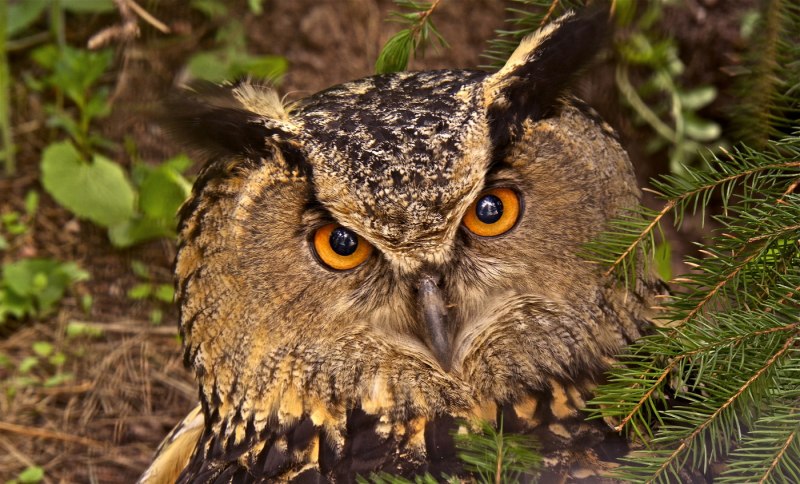 Серая неясыть Strix aluco Linnaeus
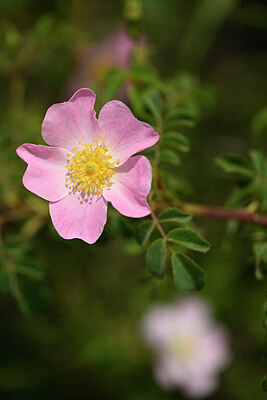BUITEN BEELD Foto: 438300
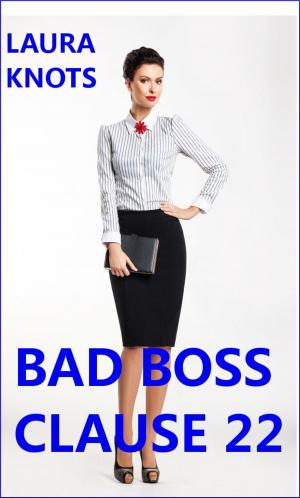Cover of the book Bad Boss Clause 22 by Laura Knots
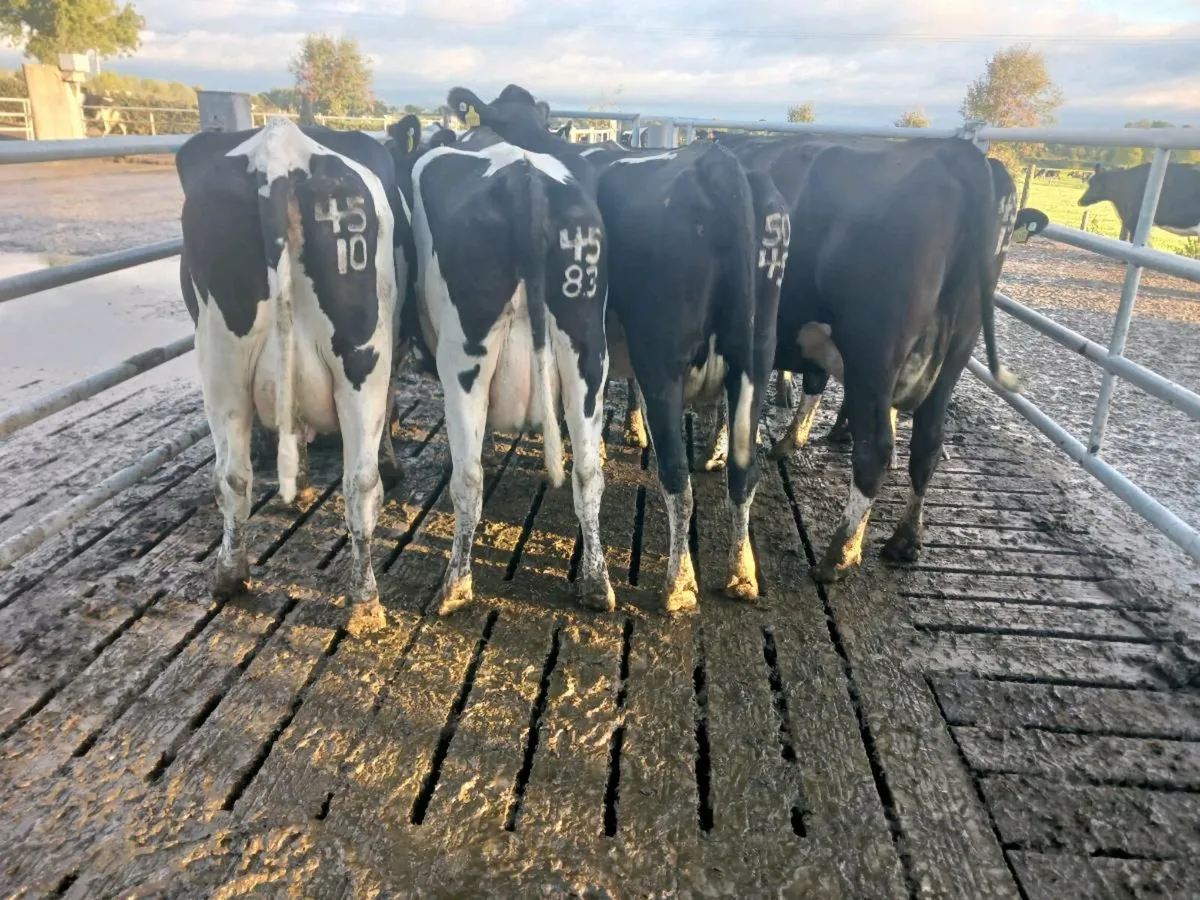 Empty cows and heifers - Image 4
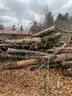 Firewood - 3' to 12' Ash Logs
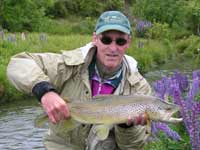A typical South Island Brown Trout caught in the rivers of New Zealand.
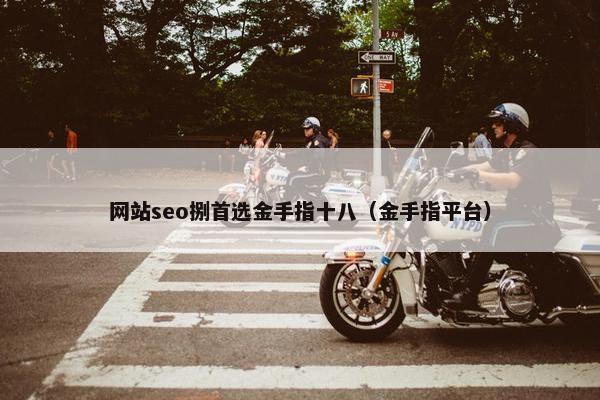 网站seo捌首选金手指十八（金手指平台）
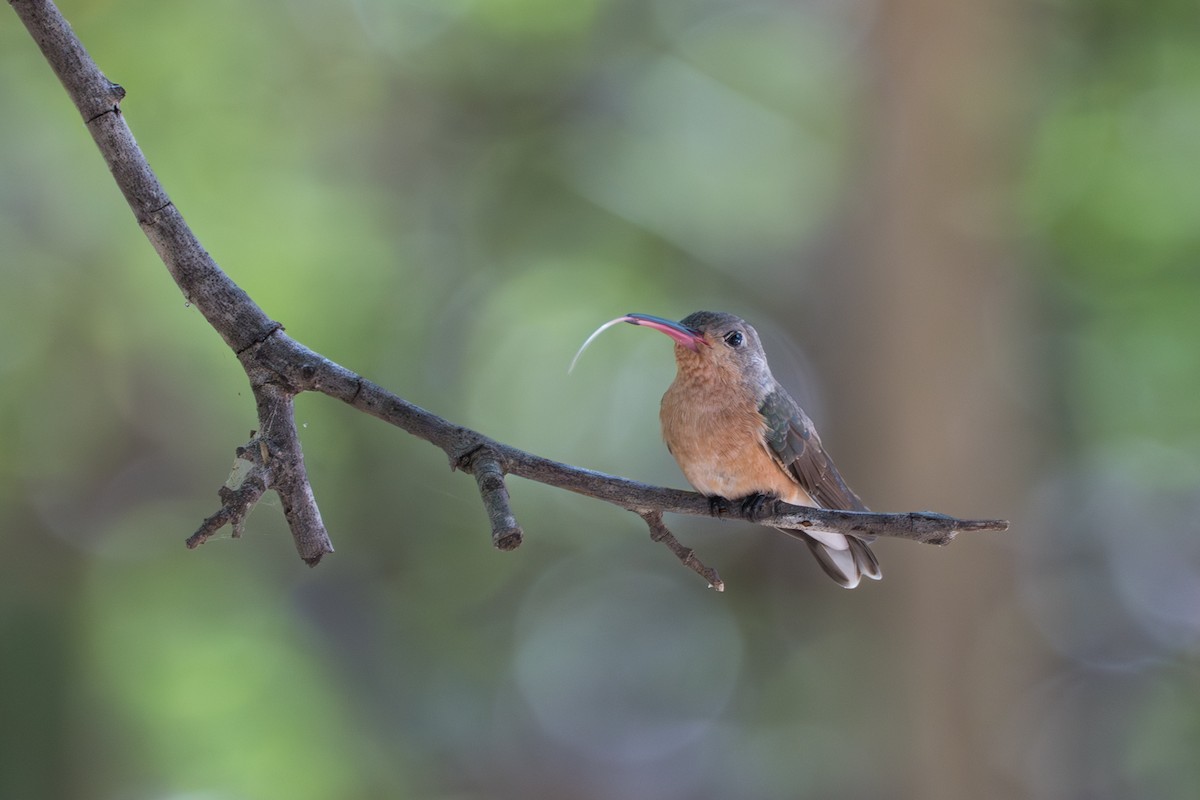 ferskenkolibri - ML644141806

● ● ●

• **WHAT YOU ARE ASKED TO DO**
Repeat exactly and only the lines from the one holding "网站seo捌首选金手指十八（金手指平台）" through the final line of the entries; no pictures.

• **COMPLETED EXERCISE**
 网站seo捌首选金手指十八（金手指平台）
 ferskenkolibri - ML644141806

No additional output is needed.